As for the next gen startups in India I think they will be in many sectors and of many types since the economy is growing rapidly. My interest and expertise is more in the Naukri.com type startups where there a large number of users and the ARPU(average revenue per user) is relatively low.
Hi Sanjay,
I am a Entrepreneur looking for Investors and a recent reader of VentureWoods.org.
My take… Every job has its own risks, work and pay offs. Entrepreneur has his share and so does the VCs. Definitely the scale of risks, works and pay offs vary. But the game is the same. Infact the risks, work and pay offs for the entrepreneur and the VC involved, fall almost in the same line.
The metriculous involvement of a VC to safe gaurd his interest in multiple ventures is all about calculative people management and time management to monitor and keep track of the investment in my view.
We live in a world were certainity is uncertain and something we can’t change is a ‘change’. Control is the not to the ability to stay perfect and be predictable. It is the ability to navigate against different winds and still maintain our composture. We risk. We adapt to the risk. We Navigate. That is control. So it is not ‘Spray and Pray’. According to me. It is..
Spray. Navigate. (Pray if you like.)
I met someone at dinner last night who’s just finished a grand tour of all the major temples in India. Nothing wrong with that. Except this guy does little else and lives of support from siblings. In his own words “god is the only one who looks after us”…well, investing in stock markets is a bit like living a low involvement life and leaving it all to God.
Angel investing is in a different league from investing in the markets and should not even be compared. In Angel investing you get to become part of the project and normally that project has an extraordinary opportunity with an extraordinary team, so the chances that your money will do well is high. Ofcourse the exception is what Sanjay calls the “spray and pray”, because that is not Angel investing, its like betting on Markets and then you are better off at the Market than in the Angel arena.
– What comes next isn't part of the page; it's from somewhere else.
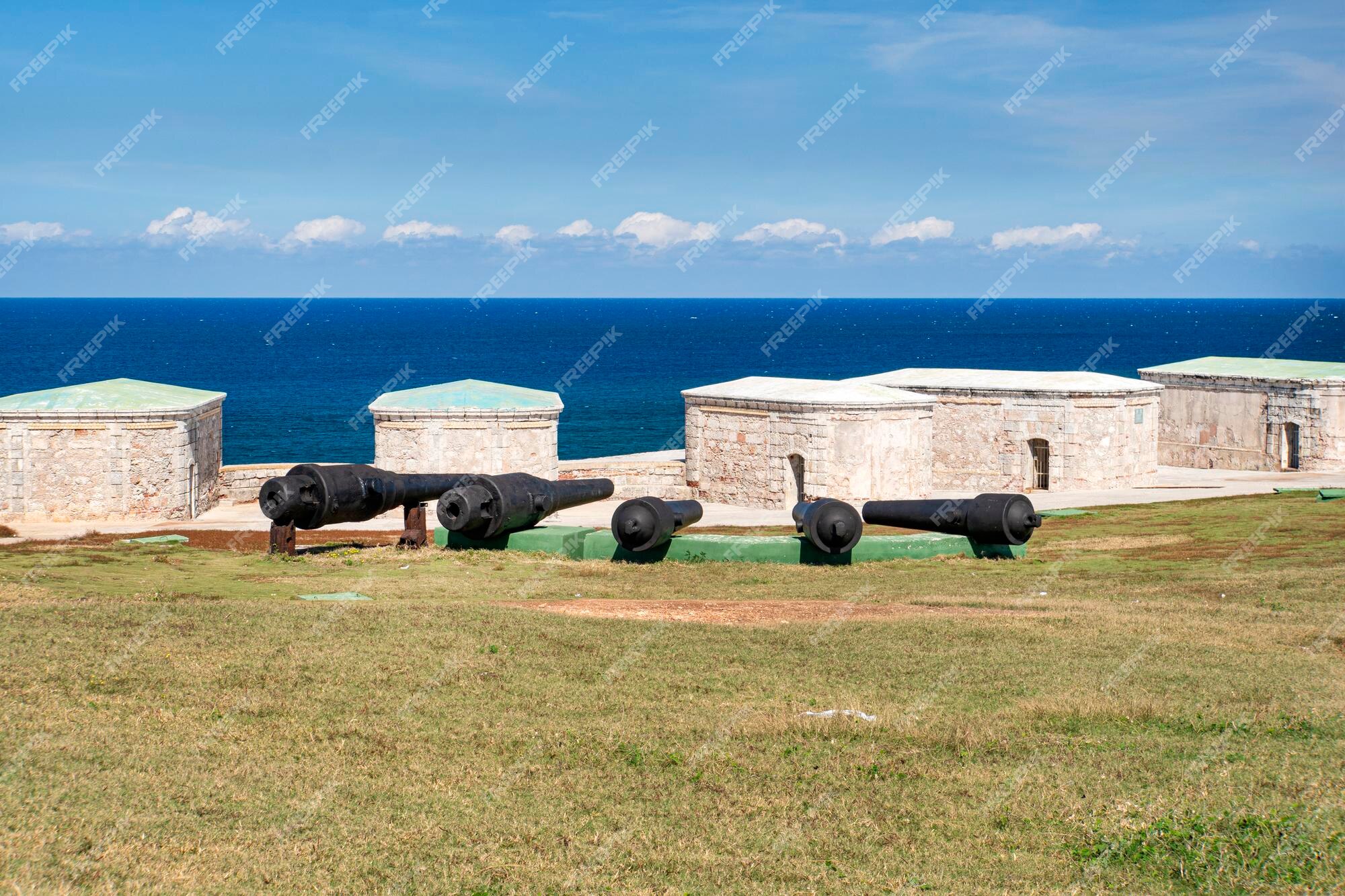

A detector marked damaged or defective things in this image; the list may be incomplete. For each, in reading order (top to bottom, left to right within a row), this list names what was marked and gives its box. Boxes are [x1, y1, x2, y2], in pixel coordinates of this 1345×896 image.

rusty metal cannon support [436, 471, 616, 540]
rusty metal cannon support [616, 495, 710, 551]
rusty metal cannon support [785, 495, 861, 551]
rusty metal cannon support [861, 492, 1038, 540]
Stock markets will always do better in the short term, won’t they? Though I get your point – why invest in angel rounds unless it can beat stock markets. And to beat stock markets you are taking the path of more active investing, where active means perhaps closer to management.
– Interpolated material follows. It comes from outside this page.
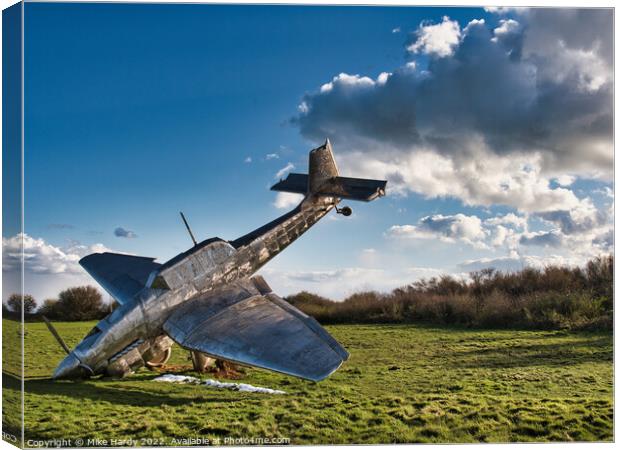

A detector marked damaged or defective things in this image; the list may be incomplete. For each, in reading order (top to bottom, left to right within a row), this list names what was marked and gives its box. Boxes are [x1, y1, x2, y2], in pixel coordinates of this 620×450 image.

crashed aircraft sculpture [50, 142, 386, 382]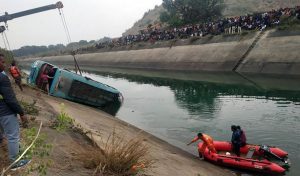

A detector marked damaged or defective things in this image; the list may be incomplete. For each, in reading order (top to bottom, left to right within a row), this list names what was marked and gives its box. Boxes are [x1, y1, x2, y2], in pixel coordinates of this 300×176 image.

overturned bus [27, 60, 122, 115]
Stock markets will give you a 20-30% visible return on a raging bull run. And you have the option to cut your losses, and liquidate your gains when you choose. You have none of that with private unlisted equity.
But your argument holds water. Warren Buffet gets stellar returns because he closely manages his companies. No BH company is public on its own; he takes them private and controls them. His philosophy is not ‘buy-and-hold’ like many like to believe; it’s buy-and-manage. Similar to what you are proposing; and perhaps has a better statistical success rate in the longer term.
Btw,if you’re more involved in your investment, aren’t you now an entrepreneur rather than a seed investor?
Are you looking to be a CXO after investment in the heavy involvement model?
Since you like white elephants…..
Microsoft, Sun, Yahoo, Google are not born in India. In India, there are Tatas, Birlas, AMbanis or Wipro,Infosys,Mindtree kind.
Is next generation startups in India be like Microsoft, Sun, Yahoo, Google?
thanks for answering in advance.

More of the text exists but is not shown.